> [HOW TO COMPLETE THIS TASK] Nothing but the lines from the one with "Boy in the arms of his parents on a fall day." through the end of the data should be set down, each exactly as written, and no picture should be included.

Source data
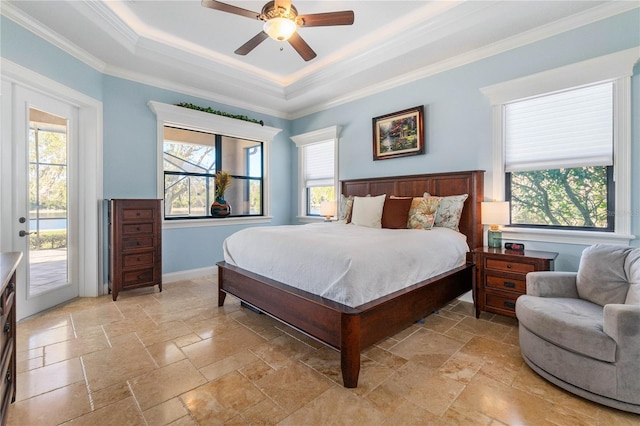 bedroom featuring ceiling fan, access to exterior, multiple windows, and a raised ceiling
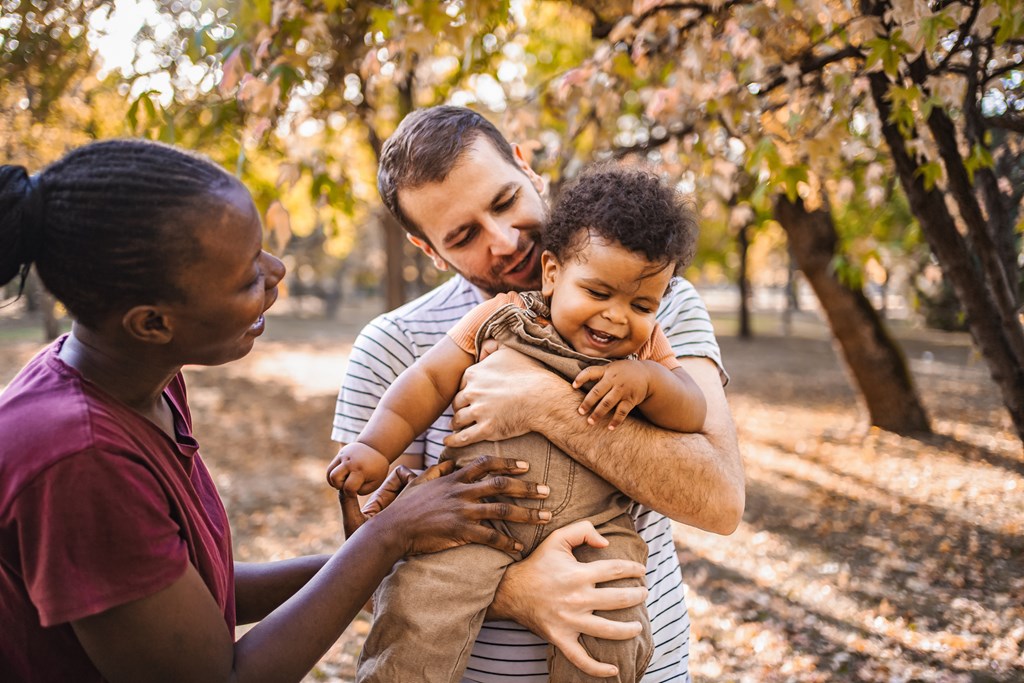Boy in the arms of his parents on a fall day.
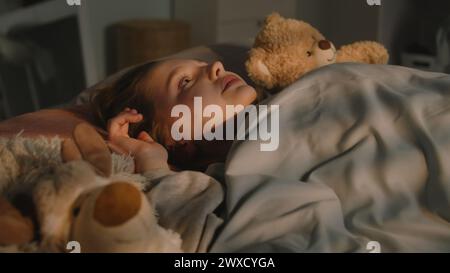 Belle jeune fille se trouve sur le lit sous une couverture avec des jouets en peluche et se repose dans sa chambre le soir. Mignonne écolière se réveille et regarde autour tard dans la nuit. Maison confortable avec intérieur élégant et confortable. Banque D'Images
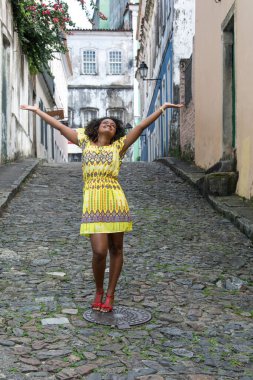 Sarı elbiseli, gülümseyen ve kameraya poz veren bir manken. Arka planda, antik mimarisi ile Pelourinho 'nun tarihi merkezi. Salvador Bahia Brezilya.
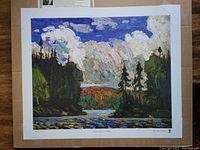 Framed print showing autumn landscape with black spruce trees, colorful sky with brushstroke texture.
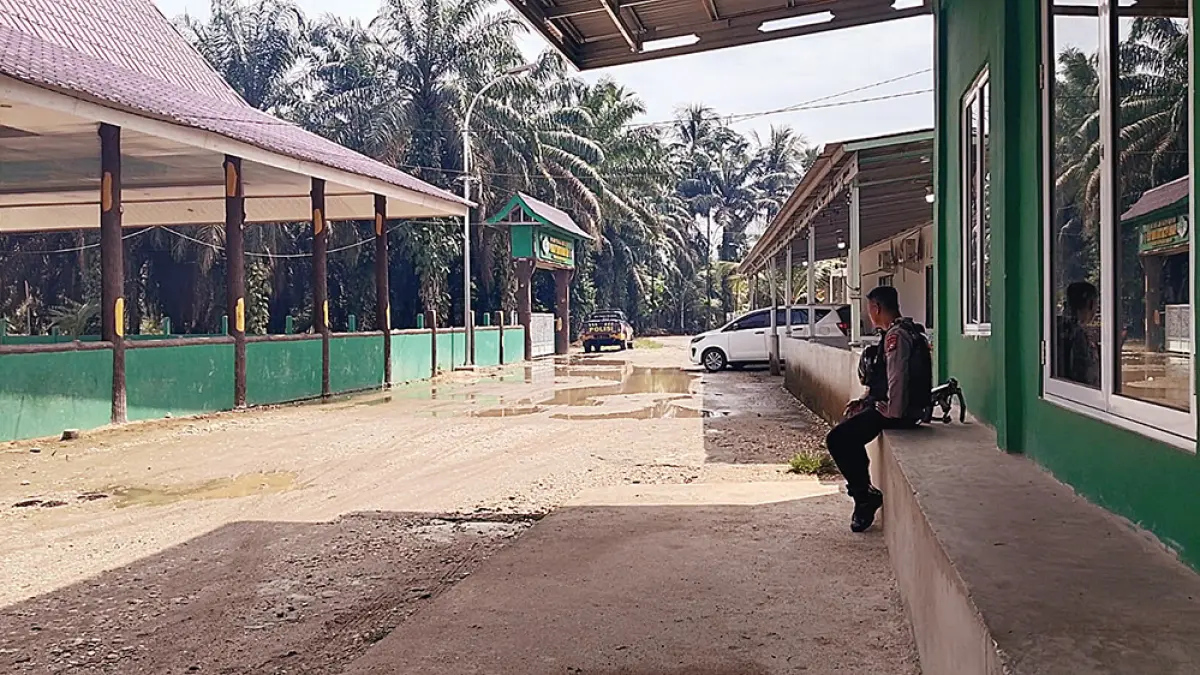 Personel kepolisian bersiaga saat mendampingi Tim Penyidik KPK menggeledah rumah pribadi Bupati Kuantan Singingi nonaktif Suhardiman Amby di Balai Datuk Panglimo Dalam, Desa Pulau Panjang, Kecamatan Inuman, Senin (6/7/2026). (WARGA UNTUK RIAU POS)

> [TASK RESULT]
Boy in the arms of his parents on a fall day.
 Belle jeune fille se trouve sur le lit sous une couverture avec des jouets en peluche et se repose dans sa chambre le soir. Mignonne écolière se réveille et regarde autour tard dans la nuit. Maison confortable avec intérieur élégant et confortable. Banque D'Images
 Sarı elbiseli, gülümseyen ve kameraya poz veren bir manken. Arka planda, antik mimarisi ile Pelourinho 'nun tarihi merkezi. Salvador Bahia Brezilya.
 Framed print showing autumn landscape with black spruce trees, colorful sky with brushstroke texture.
 Personel kepolisian bersiaga saat mendampingi Tim Penyidik KPK menggeledah rumah pribadi Bupati Kuantan Singingi nonaktif Suhardiman Amby di Balai Datuk Panglimo Dalam, Desa Pulau Panjang, Kecamatan Inuman, Senin (6/7/2026). (WARGA UNTUK RIAU POS)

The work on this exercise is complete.